1943-1948 : la première carrière politique « pour une Pologne nouvelle »
Gomułka est le tacticien de la lutte que le parti engage contre le gouvernement émigré pour le contrôle de la Pologne d’après-guerre. Il est à l’origine du Comité national du peuple, dont il rédige le manifeste (15-31 déc. 1943). Co-vice-président du conseil des Ministres dans le gouvernement d’Unité nationale (juin 1945 - janv. 1947), il inspire confiance par son absence de dogmatisme, quand il définit une « voie polonaise vers le socialisme » qui tolère la démocratie pluripartite (« La dictature du prolétariat ou d’un parti unique n’est pas essentielle et ne servirait utilement aucun dessein ») et qui n’impose pas le kolkhoze au paysan rassuré : « Nous avons complètement repoussé la collectivisation des exploitations agricoles. » Ministre des Territoires recouvrés (oct. 1945 - janv. 1949), il organise le transfert des Allemands hors de la « terre des Piast », qu’il repolonise.

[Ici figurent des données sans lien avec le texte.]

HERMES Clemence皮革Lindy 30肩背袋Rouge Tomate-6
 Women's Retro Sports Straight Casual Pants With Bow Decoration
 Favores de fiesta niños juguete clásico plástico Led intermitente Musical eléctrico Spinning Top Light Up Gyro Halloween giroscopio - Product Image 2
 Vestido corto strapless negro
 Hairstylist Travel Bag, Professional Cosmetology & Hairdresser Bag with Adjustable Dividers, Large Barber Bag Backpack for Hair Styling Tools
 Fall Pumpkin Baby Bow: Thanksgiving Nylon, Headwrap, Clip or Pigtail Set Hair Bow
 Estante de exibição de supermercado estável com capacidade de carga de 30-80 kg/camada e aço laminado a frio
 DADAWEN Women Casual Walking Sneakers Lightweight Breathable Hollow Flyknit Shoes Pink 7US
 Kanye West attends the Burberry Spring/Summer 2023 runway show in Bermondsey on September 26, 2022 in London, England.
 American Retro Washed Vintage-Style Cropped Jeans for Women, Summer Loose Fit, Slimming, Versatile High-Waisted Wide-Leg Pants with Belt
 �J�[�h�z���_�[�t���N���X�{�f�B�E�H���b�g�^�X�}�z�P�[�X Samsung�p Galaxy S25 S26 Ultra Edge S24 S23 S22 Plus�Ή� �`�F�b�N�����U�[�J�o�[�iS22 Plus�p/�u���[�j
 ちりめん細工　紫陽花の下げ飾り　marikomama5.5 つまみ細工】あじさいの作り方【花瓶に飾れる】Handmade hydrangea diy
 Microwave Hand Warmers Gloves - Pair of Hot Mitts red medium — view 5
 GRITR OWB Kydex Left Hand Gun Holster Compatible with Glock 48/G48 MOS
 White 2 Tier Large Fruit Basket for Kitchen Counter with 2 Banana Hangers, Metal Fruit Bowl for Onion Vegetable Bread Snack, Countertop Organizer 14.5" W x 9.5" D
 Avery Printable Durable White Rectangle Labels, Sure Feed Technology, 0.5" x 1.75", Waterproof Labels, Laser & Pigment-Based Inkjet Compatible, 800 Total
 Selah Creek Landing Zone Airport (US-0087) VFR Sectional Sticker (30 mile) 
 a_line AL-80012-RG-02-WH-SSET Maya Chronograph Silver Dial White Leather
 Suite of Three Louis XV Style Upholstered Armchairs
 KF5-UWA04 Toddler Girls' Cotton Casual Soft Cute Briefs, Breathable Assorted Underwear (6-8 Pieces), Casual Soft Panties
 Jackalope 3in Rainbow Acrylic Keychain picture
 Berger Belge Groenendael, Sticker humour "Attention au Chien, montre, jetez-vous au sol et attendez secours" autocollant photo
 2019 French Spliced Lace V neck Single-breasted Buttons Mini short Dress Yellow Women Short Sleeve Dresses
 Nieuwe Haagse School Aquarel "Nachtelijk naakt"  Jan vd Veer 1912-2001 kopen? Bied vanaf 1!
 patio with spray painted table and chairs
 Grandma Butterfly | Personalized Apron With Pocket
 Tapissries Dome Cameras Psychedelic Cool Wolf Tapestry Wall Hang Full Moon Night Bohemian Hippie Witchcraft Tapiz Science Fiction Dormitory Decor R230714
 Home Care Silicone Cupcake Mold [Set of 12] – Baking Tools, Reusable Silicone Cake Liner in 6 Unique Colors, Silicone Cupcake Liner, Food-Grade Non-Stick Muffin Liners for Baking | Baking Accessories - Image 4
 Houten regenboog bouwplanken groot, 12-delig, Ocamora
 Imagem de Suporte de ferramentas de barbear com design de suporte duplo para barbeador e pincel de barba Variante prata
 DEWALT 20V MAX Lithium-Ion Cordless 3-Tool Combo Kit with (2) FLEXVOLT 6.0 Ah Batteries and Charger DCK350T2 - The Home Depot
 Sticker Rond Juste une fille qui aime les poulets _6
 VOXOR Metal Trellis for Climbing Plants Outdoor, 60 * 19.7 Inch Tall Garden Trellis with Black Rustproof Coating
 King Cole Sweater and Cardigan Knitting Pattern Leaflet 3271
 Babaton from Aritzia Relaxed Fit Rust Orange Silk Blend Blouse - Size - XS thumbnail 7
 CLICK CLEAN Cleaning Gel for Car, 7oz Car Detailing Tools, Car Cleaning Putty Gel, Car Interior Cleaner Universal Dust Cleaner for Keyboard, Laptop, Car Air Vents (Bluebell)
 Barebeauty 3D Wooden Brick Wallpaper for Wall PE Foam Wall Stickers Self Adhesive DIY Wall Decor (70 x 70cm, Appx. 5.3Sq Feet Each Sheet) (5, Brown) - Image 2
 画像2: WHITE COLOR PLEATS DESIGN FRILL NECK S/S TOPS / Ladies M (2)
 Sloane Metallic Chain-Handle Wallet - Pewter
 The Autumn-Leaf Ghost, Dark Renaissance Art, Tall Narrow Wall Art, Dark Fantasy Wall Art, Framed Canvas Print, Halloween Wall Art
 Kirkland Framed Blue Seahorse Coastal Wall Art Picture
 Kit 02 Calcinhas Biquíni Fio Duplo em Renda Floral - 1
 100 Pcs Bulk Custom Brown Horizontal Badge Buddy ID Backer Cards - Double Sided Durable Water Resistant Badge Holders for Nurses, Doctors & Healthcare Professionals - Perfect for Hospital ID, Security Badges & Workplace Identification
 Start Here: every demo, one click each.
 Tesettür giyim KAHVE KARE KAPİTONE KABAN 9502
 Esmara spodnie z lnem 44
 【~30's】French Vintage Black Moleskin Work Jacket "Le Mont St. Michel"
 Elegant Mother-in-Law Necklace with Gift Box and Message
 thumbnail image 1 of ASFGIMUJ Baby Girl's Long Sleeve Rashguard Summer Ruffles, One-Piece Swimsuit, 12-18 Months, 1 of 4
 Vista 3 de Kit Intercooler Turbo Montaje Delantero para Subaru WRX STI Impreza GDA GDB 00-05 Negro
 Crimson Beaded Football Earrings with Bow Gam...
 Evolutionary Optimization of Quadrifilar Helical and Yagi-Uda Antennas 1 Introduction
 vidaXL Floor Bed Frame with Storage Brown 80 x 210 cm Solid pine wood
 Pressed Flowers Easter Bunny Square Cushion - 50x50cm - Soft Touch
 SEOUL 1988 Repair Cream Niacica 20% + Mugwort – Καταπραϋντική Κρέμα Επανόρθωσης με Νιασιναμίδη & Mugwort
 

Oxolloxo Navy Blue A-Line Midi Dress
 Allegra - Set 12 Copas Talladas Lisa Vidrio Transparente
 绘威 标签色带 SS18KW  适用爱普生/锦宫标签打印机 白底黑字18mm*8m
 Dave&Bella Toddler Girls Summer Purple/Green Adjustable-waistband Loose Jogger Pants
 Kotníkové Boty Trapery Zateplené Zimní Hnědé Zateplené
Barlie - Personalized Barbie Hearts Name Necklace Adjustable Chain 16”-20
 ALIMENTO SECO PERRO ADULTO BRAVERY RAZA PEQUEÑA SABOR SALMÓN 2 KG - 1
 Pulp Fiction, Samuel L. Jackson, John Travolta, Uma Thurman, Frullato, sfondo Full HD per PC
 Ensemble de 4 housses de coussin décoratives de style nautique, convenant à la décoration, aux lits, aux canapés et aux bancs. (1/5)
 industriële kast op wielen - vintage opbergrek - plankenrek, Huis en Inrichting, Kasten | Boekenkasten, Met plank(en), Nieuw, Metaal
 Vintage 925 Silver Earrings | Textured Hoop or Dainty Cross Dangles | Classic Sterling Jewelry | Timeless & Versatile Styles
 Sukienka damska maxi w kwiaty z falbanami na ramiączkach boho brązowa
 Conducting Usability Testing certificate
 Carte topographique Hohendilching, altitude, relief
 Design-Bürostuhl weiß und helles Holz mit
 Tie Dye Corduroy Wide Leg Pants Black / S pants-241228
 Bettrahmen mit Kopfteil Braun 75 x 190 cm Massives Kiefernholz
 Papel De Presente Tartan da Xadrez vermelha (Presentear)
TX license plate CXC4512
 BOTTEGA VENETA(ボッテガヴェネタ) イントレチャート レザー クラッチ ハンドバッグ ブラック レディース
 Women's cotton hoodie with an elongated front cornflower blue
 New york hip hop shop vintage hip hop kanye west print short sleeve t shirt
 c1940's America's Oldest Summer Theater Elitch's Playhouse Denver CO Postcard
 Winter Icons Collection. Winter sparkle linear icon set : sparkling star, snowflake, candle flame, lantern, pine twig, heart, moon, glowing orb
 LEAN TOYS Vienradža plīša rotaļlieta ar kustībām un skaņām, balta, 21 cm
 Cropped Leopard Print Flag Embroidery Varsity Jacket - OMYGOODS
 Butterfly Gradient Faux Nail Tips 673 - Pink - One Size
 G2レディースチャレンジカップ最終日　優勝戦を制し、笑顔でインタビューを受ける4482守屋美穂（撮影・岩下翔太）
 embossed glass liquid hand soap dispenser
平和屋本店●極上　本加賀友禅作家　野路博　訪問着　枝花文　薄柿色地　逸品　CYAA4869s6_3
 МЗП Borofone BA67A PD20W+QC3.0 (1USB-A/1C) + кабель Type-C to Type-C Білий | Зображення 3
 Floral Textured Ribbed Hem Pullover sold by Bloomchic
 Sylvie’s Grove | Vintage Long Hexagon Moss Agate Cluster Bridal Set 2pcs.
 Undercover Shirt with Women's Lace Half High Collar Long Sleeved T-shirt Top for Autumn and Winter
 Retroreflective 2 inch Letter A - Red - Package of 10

1948-1956 : le gomulkisme « déviationnisme nationaliste de droite »
Son manque de respect pour le modèle soviétique scandalise les staliniens du parti. Gomułka achève de s’isoler en défiant ouvertement la volonté de Staline par son opposition à la fondation du Kominform et son terme refus de collectiviser l’agriculture (22-27 sept. 1947). La crise yougoslave assimile le « gomulkisme » au « titisme » et amène la mise en accusation de Gomułka devant le congrès du parti (31 août - 3 sept. 1948). Exclu du secrétariat général et du bureau politique (3 sept. 1948), il demeure encore au comité central. Malgré les pressions de Moscou, il n’y aura pas de procès Gomułka, mais une déchéance progressive, qui demeure encore diversement interprétée. En 1949, il est exclu du gouvernement (janvier), puis éliminé du parti (novembre) ; il n’est arrêté qu’en juillet 1951. La déstalinisation lui rend la liberté (sept, ou déc. 1954), mais il attend sa réhabilitation officielle jusqu’au 7 avril 1956.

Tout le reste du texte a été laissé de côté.